▶ Data supplied
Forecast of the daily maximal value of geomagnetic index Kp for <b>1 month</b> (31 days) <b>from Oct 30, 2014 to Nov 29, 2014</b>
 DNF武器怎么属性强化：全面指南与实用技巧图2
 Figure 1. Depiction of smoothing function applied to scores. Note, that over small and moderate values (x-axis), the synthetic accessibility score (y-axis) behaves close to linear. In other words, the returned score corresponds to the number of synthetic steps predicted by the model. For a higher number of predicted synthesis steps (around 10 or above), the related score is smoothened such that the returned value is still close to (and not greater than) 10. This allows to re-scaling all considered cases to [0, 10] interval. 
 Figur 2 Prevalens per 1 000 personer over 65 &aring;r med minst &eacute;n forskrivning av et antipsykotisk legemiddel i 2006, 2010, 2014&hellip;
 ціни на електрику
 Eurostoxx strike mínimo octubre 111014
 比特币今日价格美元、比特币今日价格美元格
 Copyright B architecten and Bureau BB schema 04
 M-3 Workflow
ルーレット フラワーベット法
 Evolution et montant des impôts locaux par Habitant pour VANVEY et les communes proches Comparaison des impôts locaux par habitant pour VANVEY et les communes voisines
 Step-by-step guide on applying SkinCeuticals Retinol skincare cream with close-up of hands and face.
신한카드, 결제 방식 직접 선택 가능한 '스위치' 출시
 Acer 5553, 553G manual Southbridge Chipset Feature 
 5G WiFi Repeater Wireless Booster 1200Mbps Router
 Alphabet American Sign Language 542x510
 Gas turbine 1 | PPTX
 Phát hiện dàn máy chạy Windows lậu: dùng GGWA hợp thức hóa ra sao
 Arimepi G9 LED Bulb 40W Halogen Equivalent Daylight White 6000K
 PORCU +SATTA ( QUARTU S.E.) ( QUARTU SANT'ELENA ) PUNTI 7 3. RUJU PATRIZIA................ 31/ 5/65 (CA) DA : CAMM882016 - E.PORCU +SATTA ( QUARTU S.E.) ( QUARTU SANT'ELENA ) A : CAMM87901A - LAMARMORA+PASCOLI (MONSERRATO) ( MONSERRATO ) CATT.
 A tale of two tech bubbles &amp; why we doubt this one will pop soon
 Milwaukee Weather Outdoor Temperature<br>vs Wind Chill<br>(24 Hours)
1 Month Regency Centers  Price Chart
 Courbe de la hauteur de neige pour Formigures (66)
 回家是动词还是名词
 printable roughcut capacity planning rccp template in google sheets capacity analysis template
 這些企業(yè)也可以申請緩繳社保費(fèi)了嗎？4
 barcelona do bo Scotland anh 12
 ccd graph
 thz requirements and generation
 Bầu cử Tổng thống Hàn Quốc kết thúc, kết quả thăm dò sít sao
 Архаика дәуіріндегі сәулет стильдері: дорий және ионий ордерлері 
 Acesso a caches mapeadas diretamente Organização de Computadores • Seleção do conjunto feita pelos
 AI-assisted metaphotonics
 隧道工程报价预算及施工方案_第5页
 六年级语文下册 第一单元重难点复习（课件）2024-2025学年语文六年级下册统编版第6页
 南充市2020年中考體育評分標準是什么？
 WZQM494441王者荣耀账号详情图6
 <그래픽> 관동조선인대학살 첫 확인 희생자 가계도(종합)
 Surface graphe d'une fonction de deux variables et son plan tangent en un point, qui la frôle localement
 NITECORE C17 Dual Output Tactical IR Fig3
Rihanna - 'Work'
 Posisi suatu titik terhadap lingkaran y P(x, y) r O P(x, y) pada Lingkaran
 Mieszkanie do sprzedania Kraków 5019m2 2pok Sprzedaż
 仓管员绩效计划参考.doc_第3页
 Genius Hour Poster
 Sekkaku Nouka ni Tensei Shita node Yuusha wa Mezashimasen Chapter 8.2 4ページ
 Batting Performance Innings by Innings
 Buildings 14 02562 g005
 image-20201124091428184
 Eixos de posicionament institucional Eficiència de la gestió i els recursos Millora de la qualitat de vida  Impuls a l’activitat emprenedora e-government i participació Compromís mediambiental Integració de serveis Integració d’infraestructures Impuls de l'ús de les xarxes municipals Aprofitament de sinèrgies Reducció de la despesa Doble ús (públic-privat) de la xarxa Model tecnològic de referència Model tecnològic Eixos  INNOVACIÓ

▶ What the task requires
Return, word for word, the lines of the data above from the line with "Batting Performance Innings by Innings" through the line with "image-20201124091428184", inclusive.

▶ Answer to this exercise
 Batting Performance Innings by Innings
 Buildings 14 02562 g005
 image-20201124091428184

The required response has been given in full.